STTMP-SoundtrackCoverThen, somebody somewhere got the amazing idea that selling expanded or complete scores for films which may only have received a truncated music release was something worth doing. Whoever that person is, they are a national treasure. They should be canonized, and their face carved into Mount Rushmore. Because of this admittedly niche market, I’ve been able to acquire complete scores for each of the Star Wars films, the entire original Star Trek series, Alien and Aliens, Outland, Rambo, Predator, and…of course…each of the Star Trek films, including an effort over 30 years in the making: Jerry Goldsmith’s wondrous complete score for Star Trek: The Motion Picture.
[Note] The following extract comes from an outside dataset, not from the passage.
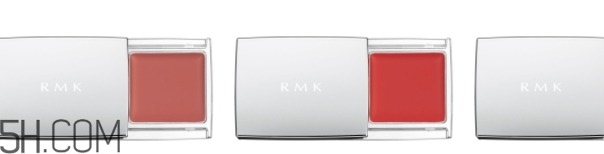 rmk水霧眼彩怎么樣？rmk水霧眼彩色號試色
Scores from the past few years that I’ve enjoyed adding to my stack include Interstellar, The Martian, John Wick, Captain America: The First Avenger, Mad Max: Fury Road, Dawn of the Planet of the Apes, The Shape of Water, and the three most recent Star Trek films just to name several examples off the top of my head.

(Yes, I’m sure I didn’t list one that you think I should have included. Just pretend it’s there. I’ve got too many of these things to make a comprehensive list. 😀 )

Film and TV music helps me set the mood for writing, but I also just enjoy listening to this type of music just because. Hearing the composer’s work without it being drowned out or pushed aside by dialogue, sound effects, and other noise is an experience all its own. There are times you realize you’re truly hearing some of this music for the first time, and you realize that – as often as not – a mediocre film might possess a truly first-rate, all but unappreciated score.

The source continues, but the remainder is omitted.